Posted November 19, 2003 at 6:08pm

The House Administration Committee reported out a bill Wednesday aiming to fill the largest gap in Congressional continuity — providing for the replacement of House Members if large numbers of lawmakers were killed.

The measure — sponsored by House Judiciary Chairman Jim Sensenbrenner (R-Wis.), Rules Chairman David Dreier (R-Calif.) and Rep. Candice Miller (R-Mich.) — was amended to require special elections within 45 days if the Speaker declares more than 100 House Members have died, presumably in a terrorist attack.

“Under this legislation, the House will maintain its ‘intimate sympathy with the people,’ as James Madison wrote in the Federalist Papers, by remaining a body composed only of those elected by the people. I look forward to House consideration of this legislation early next year,” Sensenbrenner said in a statement.

The previous version of the bill would have required elections within 21 days after a catastrophe and was widely derided by elections experts as near impossible without opening up the process fraud and disenfranchising large numbers of voters.

House Administration Chairman Bob Ney (R-Ohio) suggested the change to the bill. His amendment shortens the time frame within which state party officials may nominate a candidate after the Speaker’s declaration from the 14 days in the original bill to 10 days.
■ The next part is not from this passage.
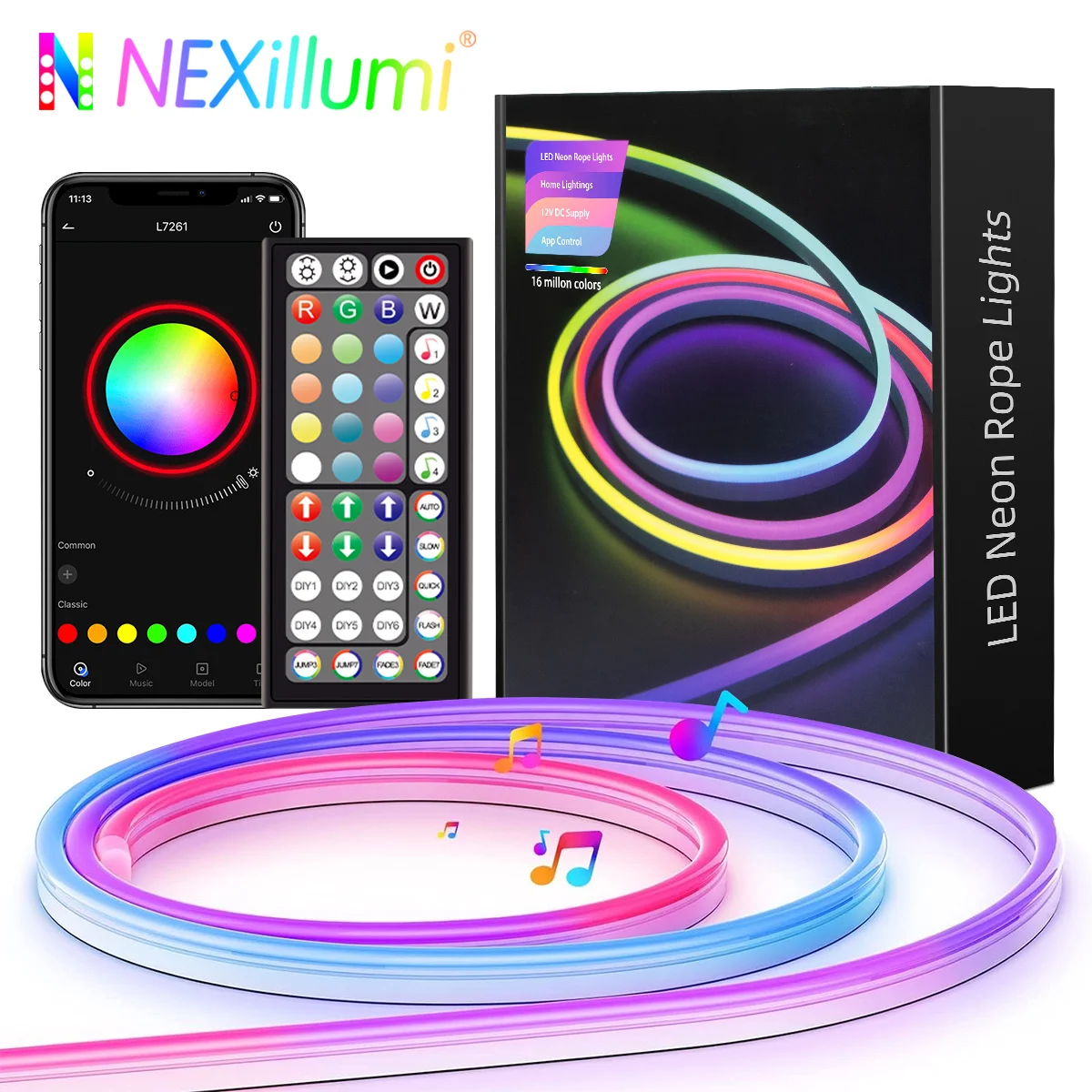 Neony LED 30 m/20 m RGB, inteligentny pilot aplikacji, wodoodporna lina zmieniająca kolor do synchronizacji muzyki do sypialni, gry w salonie,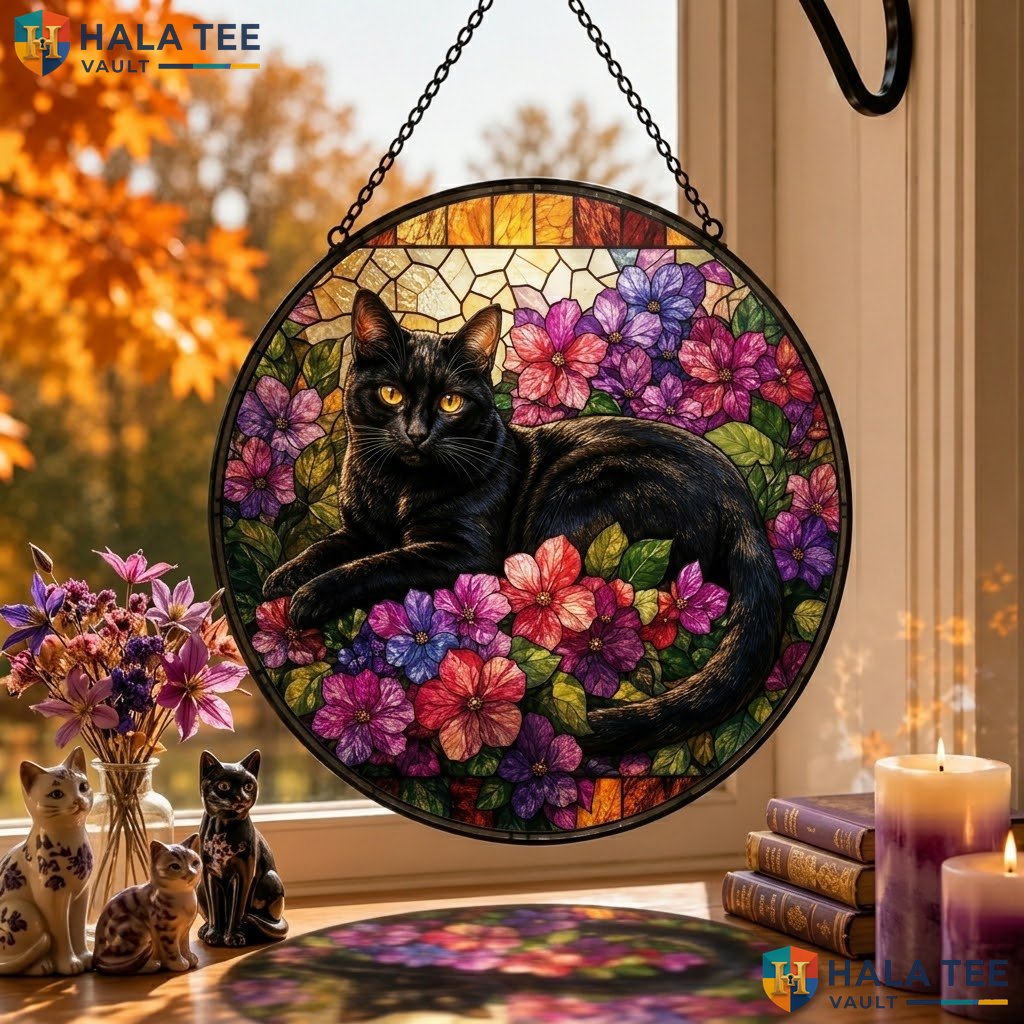 Playful Black Cat Halloween Stained Glass Suncatcher Spooky Vibrant Floral Art Adult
“The shortened nomination period would provide additional time on the back end for election officials to print ballots, test election systems, recruit poll workers, etc., while still allowing party officials adequate time to make candidate nominations,” Ney said in his opening statement.

The measure was sent to the full House for its consideration on a party-line vote. Democrats, led by ranking member John Larson (D-Conn.), opposed it on the grounds that it does not deal with incapacitation, an issue which many experts believe Congress is more likely to face than wide-scale deaths.

Larson also believes a constitutional amendment allowing for the temporary appointment of House Members is the only way to ensure that Congress is not paralyzed in a time of national crisis, leaving the president to impose marshal law.

Like other supporters of an amendment, Larson wants to move amendment language and a measure expediting special elections on parallel tracks so as to avoid acceptance of what they deem only a partial solution.

Sen. John Cornyn (R-Texas) has proposed amendment language and held several hearings on continuity of government.

The 17th Amendment allows governors to fill Senate vacancies by appointment in the case of death, resignation or expulsion from the chamber. But the Constitution provides that House vacancies must be filled by special election. And both chambers could potentially be rendered inoperable without a quorum if a majority of their Members were incapacitated.